Карета ехала медленно, чтобы не беспокоить ноги государя. Терем Апраксина только отстроился после пожара, и отделка внутри ещё продолжалась. Царя не ждали, и его появление вызвало суматоху. Сам окольничий Матвей Васильевич Апраксин выскочил на мороз в одной рубахе, до земли кланяясь царю, за ним спешили жена, сыновья и дочь Марфинька. Полный переполох. Фёдор Алексеевич, улыбаясь, прошёл в терем, искоса посмотрел на Марфиньку. Почти ребёнок, пятнадцать лет, маленькая, как воробушек, носик остренький, глазки бусинки. Уж Агаша не была высокой, а эта и вовсе в пояс дышит.
— Аки отстроился посля пожару, Матвей Васильевич? — перекусив хлеб соль в дому, спросил царь.
— Да вроде жить можно.
Царь расспросил ещё кое о чём Апраксиных и вскорости уехал, озадачив хозяина.

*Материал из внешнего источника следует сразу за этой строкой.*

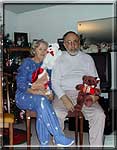 Mom & Dad (photo is blurry)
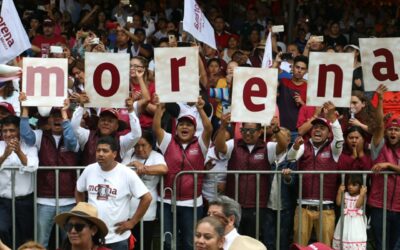 Alcalde: Morena está cerca de la meta de 10 millones de afiliados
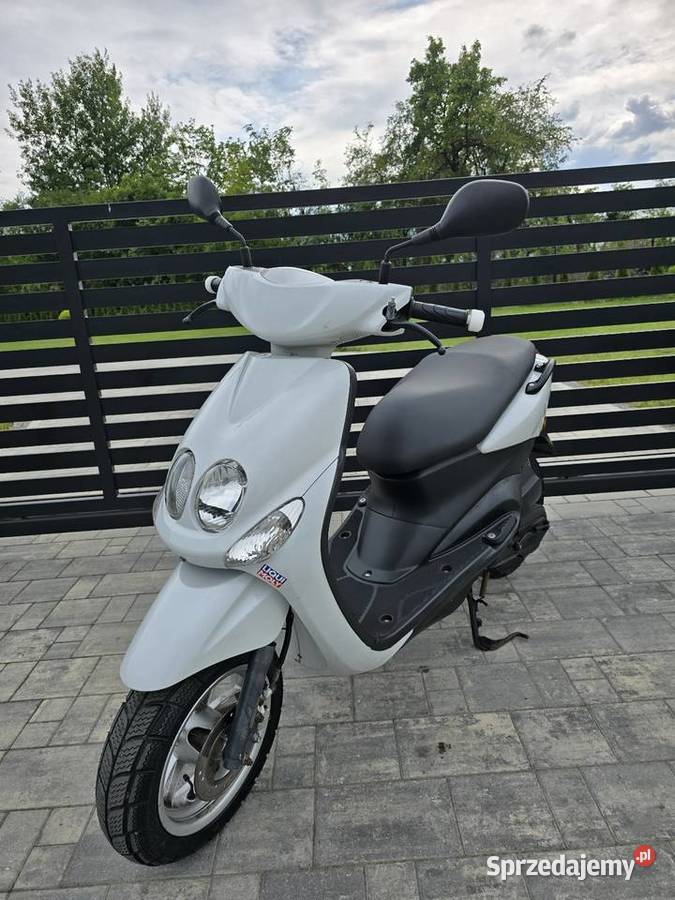 Yamaha YN50 Neos Nowy Model 2016r Wtrysk Biała Radom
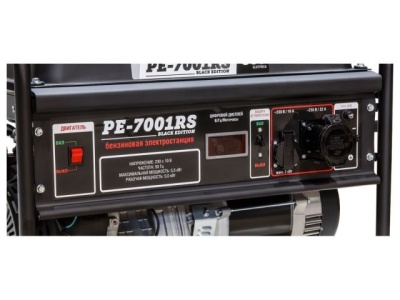 Генератор бензиновый ECO PE-7001RS "Black Edition"
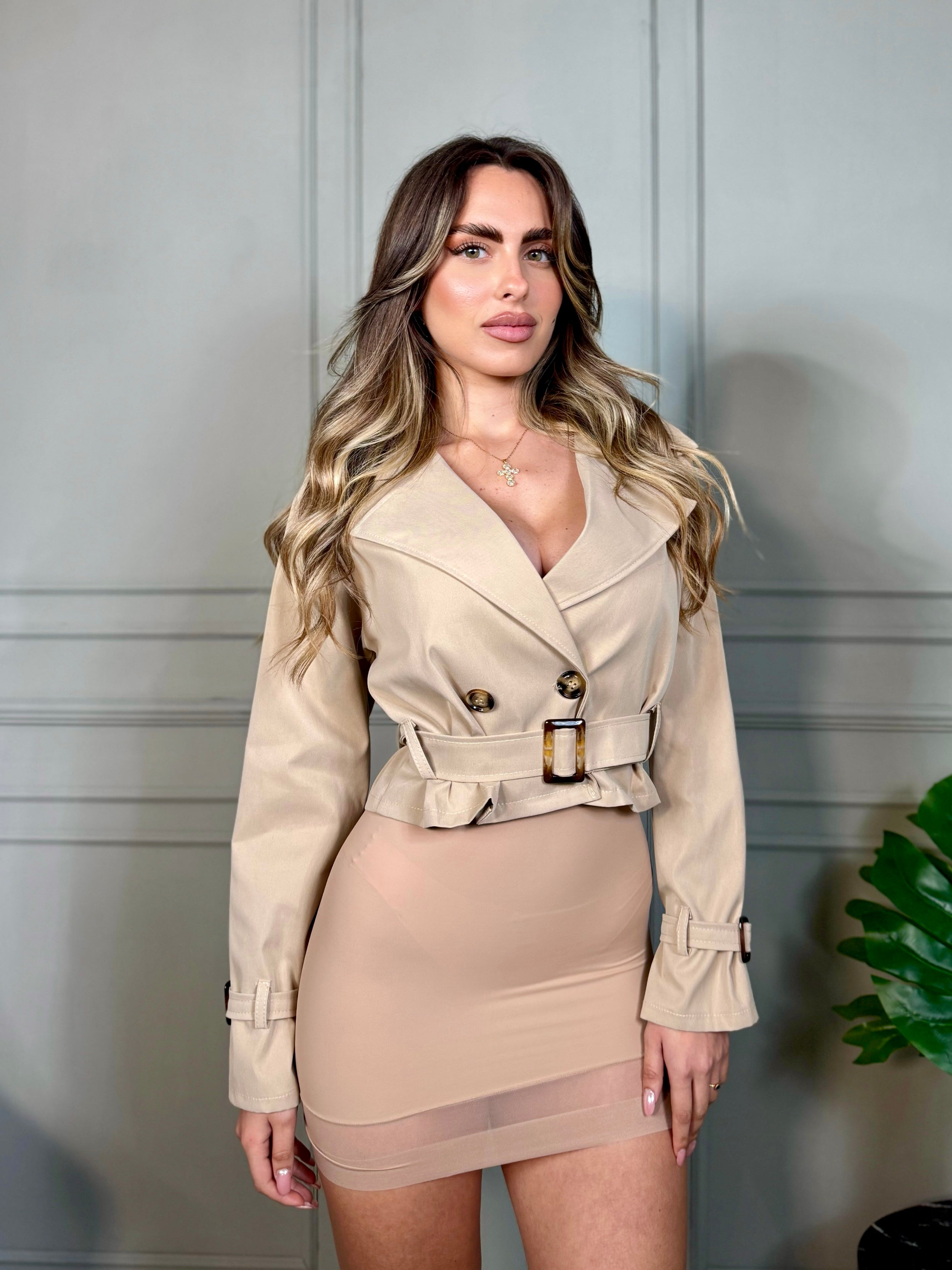 Trench IVORY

А вечером пожаловал Языков.
— Иван Максимович? — удивился Апраксин новому приходу. — Никак што важное?
— Важное, Матвей Васильевич, идём в дом, — скинув шубу, предложил Языков.
В светлице, едва присев на лавку, Языков сказал торжественно:
— Ну, свояк, я к тебе с вестью радостной. Великий государь Фёдор Алексеевич просит твою дочь в жёны.
— Марфиньку? — побледнев, пролепетал Матвей Васильевич.
— Ну а кого же? У тебя, чай, одна дочка.
Апраксин закатил глаза, схватился за сердце, задышал часто, потом, глубоко вздохнув, вымолвил:
— Ну, Иван Максимович, эдак и убити можно.
— Ну, прости, Василии. Я ж по-родственному. Так што я должон государю передати? Ты согласный?
— Ты ещё спрашиваешь? Да такое счастье не всякому выпадает.
— Подожди, Василии, ести одно но. Надо и Марфиньку спросити. Государь велел только по её согласию.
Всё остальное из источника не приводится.